What Good Provision for These Characteristics Looks Like
Here is a practical checklist for what strong early years provision looks like when these characteristics are genuinely embedded:
- Children choose activities freely for a significant part of the day
- Adults support rather than direct most of the time
- Mistakes and failed attempts are welcomed, not corrected away
- Outdoor spaces are accessible and offer open-ended materials
- Staff talk to children about how they are learning, not just what they are doing
- Planning reflects what children were observed doing and thinking, not just a pre-set topic
- Children are given time to finish what they start
The Ambition Institute case study from Ashby Hill Top Primary School found that making the characteristics explicit talking to children about what it means to be a learner was a turning point in outcomes for all children, especially those who had found school most challenging.
Why This Matters for Parents Choosing a Nursery
If you are choosing a nursery for your child, the characteristics of effective teaching give you a useful lens. Ask prospective settings:
- How do staff respond when a child gets frustrated?
- What does a typical morning outdoors look like?
- How do you plan activities around what children are interested in?
- How do you talk to children about their own thinking?
The answers will tell you quickly whether a setting understands learning dispositions or whether it focuses purely on content delivery.
Little Mowgli Nursery in Leyland welcomes these kinds of questions. The team's nature-inspired, play-based approach built around the EYFS framework puts the characteristics of effective teaching at the centre of daily life for every child.
Frequently Asked Questions
1. What are the three characteristics of effective teaching and learning in the EYFS?
The three characteristics are Playing and Exploring, Active Learning, and Creating and Thinking Critically. Together, they describe how children learn best through curiosity, persistence, and self-directed thinking. They are a statutory part of the EYFS framework for all registered early years providers in England.
2. Are the characteristics of effective teaching and learning statutory?
Yes. They are referenced in the EYFS statutory framework under paragraph 1.18 (2024 edition). All Ofsted-registered early years settings in England, including nurseries, childminders, and school Reception classes, must reflect on these characteristics in their practice and planning.
3. How do practitioners support the characteristics in daily nursery life? Practitioners support these characteristics by observing children closely, responding to individual interests, creating open-ended play opportunities both indoors and outdoors, modelling persistence and curiosity, and asking open-ended questions that encourage children to think for themselves rather than wait for an answer.

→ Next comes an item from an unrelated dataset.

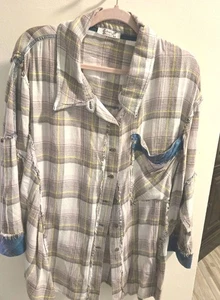 Camisa Free People Intimately Plaid Distressed Botón Frontal Grunge Amarillo Rosa - Imagen 1 de 8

4. What is the difference between active learning and physical activity in the EYFS?
Active learning refers to a child's level of motivation and engagement, their ability to concentrate, keep trying, and feel satisfaction from their own efforts. It is not the same as physical movement. A child building a block tower quietly can be demonstrating active learning just as much as one running outdoors.
5. Why do the characteristics of effective teaching focus on how children learn, not what they learn?
Research shows that children who develop strong learning dispositions, curiosity, resilience, and creative thinking perform better throughout school and beyond. The EYFS framework places equal weight on the process of learning and its content because attitudes formed in the early years tend to shape how a child approaches challenges for the rest of their life.